I think LA NINA is what you have to worry about...

M


----------



## billski (Oct 22, 2007)

78 degrees here and snowing in Alta








read the words carefully....


----------



## JD (Oct 22, 2007)

83 in Stowe.  Maybe snow thursday night.


----------



## marcski (Oct 22, 2007)

billski said:


> 78 degrees here and snowing in Alta
> 
> 
> 
> ...




That cam shot is actually from September.  Here's the local ALTA forecast for this week.   But they still have almost a 2 foot base over there.

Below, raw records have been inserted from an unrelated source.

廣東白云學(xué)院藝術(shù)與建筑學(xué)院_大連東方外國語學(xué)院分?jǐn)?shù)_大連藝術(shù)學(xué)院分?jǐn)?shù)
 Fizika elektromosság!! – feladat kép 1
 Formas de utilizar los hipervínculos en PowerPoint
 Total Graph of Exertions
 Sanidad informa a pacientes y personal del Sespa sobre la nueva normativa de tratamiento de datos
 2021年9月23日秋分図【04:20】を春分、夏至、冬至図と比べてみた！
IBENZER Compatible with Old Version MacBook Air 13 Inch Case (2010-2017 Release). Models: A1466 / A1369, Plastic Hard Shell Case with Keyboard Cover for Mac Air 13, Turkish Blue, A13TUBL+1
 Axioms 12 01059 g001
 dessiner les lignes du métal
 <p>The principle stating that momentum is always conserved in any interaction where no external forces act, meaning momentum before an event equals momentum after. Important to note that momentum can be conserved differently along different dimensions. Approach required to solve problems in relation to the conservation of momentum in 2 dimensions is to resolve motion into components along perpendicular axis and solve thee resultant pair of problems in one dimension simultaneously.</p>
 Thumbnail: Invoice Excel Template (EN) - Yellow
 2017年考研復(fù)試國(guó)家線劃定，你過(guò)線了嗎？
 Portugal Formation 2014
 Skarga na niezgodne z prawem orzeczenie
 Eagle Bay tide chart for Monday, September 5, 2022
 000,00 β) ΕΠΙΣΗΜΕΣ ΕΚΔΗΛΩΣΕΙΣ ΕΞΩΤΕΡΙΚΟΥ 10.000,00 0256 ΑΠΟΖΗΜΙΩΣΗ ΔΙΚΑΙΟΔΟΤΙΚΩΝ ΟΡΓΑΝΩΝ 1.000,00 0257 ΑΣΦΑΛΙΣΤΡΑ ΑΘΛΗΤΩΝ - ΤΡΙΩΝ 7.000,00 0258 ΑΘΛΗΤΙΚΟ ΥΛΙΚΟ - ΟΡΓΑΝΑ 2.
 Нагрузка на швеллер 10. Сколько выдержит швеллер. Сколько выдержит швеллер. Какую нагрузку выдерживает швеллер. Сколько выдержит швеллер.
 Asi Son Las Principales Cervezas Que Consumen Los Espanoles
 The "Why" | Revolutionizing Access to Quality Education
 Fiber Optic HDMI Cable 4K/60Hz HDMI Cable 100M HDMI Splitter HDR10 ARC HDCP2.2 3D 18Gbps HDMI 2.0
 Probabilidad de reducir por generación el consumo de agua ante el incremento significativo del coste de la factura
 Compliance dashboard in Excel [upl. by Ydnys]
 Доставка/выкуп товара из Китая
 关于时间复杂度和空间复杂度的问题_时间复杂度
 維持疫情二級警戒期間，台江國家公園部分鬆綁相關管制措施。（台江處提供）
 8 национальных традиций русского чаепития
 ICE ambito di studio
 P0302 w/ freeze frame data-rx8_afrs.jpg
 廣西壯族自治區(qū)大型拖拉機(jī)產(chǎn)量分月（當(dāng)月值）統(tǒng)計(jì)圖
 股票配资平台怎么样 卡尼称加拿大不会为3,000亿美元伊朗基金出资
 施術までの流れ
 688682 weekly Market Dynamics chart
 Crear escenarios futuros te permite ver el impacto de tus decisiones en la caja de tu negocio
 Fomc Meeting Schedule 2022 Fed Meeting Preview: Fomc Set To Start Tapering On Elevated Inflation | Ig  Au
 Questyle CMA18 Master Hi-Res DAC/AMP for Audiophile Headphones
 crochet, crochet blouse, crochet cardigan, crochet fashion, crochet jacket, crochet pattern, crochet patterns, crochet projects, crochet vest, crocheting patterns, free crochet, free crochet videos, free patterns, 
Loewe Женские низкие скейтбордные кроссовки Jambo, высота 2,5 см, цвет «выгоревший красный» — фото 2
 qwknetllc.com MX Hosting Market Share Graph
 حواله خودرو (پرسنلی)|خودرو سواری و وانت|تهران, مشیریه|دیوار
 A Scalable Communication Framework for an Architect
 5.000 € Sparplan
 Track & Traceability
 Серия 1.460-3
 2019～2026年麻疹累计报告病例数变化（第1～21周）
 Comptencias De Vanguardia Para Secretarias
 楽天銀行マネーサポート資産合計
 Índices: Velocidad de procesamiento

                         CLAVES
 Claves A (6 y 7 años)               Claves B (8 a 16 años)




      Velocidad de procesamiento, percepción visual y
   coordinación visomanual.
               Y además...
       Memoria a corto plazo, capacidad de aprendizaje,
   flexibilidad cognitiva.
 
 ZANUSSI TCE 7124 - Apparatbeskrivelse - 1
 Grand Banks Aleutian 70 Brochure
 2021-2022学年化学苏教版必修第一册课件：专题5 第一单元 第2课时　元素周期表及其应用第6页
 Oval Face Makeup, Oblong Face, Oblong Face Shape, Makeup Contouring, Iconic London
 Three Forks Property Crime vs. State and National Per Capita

http://www.wrh.noaa.gov/forecast/Ma...tField1=40.584583333333&textField2=-111.62125


----------



## WJenness (Oct 22, 2007)

JD said:


> 83 in Stowe.  Maybe snow thursday night.



You gotta love New England weather...

-w


----------



## SkiDog (Oct 22, 2007)

marcski said:


> That cam shot is actually from September.  Here's the local ALTA forecast for this week.   But they still have almost a 2 foot base over there.
> 
> http://www.wrh.noaa.gov/forecast/Ma...tField1=40.584583333333&textField2=-111.62125



All you have to do to see Alta conditions is look here....

This was October 21

http://forums.alpinezone.com/18942-sorry-again-day-two-alta-10-21-07-a.html

And the base now is closer to 40"...

M


----------



## andyzee (Oct 22, 2007)

I'm inTampa, nuff said


----------



## billski (Oct 22, 2007)

andyzee said:


> I'm inTampa, nuff said



It's probably hotter up here than down there!


----------



## kingslug (Oct 22, 2007)

SkiDog said:


> All you have to do to see Alta conditions is look here....
> 
> This was October 21
> 
> ...



And if this keeps up...I'm going.


----------



## SkiDog (Oct 22, 2007)

kingslug said:


> And if this keeps up...I'm going.




Going where??? Come on.....DO IT ....DO IT...

M


----------



## Mildcat (Oct 23, 2007)

OldsnowboarderME said:


> Why bother ?? He will just buy you some crappy PA beer ..:razz:



There's no such thing as a crappy free beer. :beer:


----------



## andyzee (Oct 23, 2007)

billski said:


> It's probably hotter up here than down there!


 
Humidity is unbeleivable.


----------